=== Section Start ===
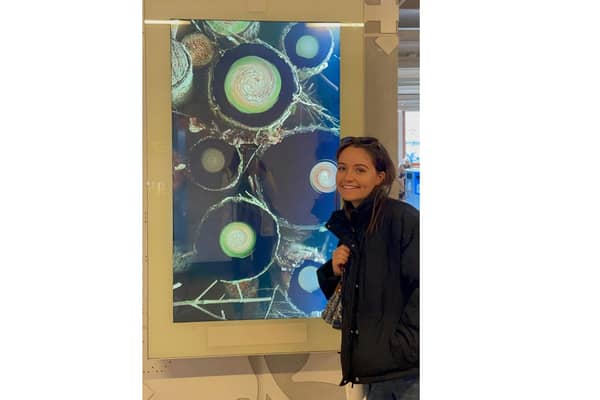 Katie Jones with her artwork on display at the DEMO (Design in Motion) Festival. Picture supplied.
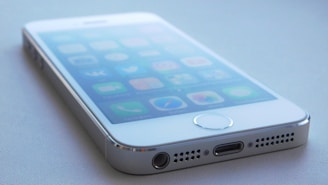 A close-up of a smartphone with a voice assistant interface on the screen.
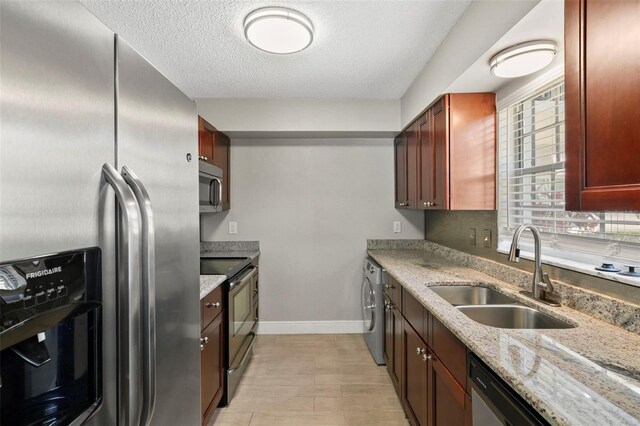 kitchen featuring appliances with stainless steel finishes, a sink, washer / clothes dryer, baseboards, and light stone counters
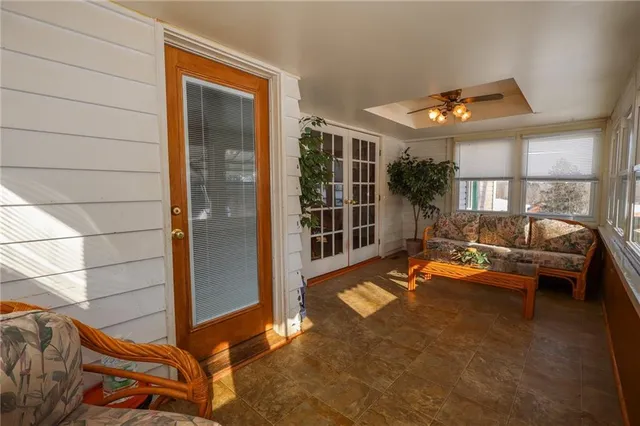 a backyard of a house with sofas table and chairs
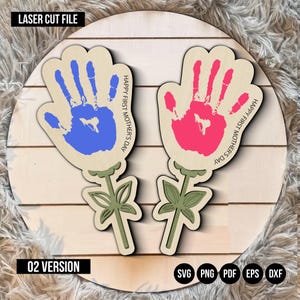 Könnte beinhalten: Zwei lasergeschnittene Holzhandabdruckblumen mit grünen Stielen und Blättern. Die Handabdrücke sind blau und rosa und der Text "Happy First Mother's Day" ist auf jeder Blume geschrieben.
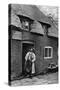 A Man Smoking a Pipe Outside a Shop, Worcestershire, C1922-AW Cutler-Stretched Canvas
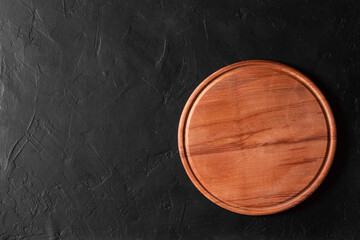 Round wooden cutting board on black background.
=== Section End ===
## [EXERCISE DIRECTIONS]
From the line with "Könnte beinhalten: Zwei" to the final line of the records, inclusive, set down the lines exactly and add nothing; leave every picture out.

## [PROBLEM SOLUTION]
 Könnte beinhalten: Zwei lasergeschnittene Holzhandabdruckblumen mit grünen Stielen und Blättern. Die Handabdrücke sind blau und rosa und der Text "Happy First Mother's Day" ist auf jeder Blume geschrieben.
 A Man Smoking a Pipe Outside a Shop, Worcestershire, C1922-AW Cutler-Stretched Canvas
 Round wooden cutting board on black background.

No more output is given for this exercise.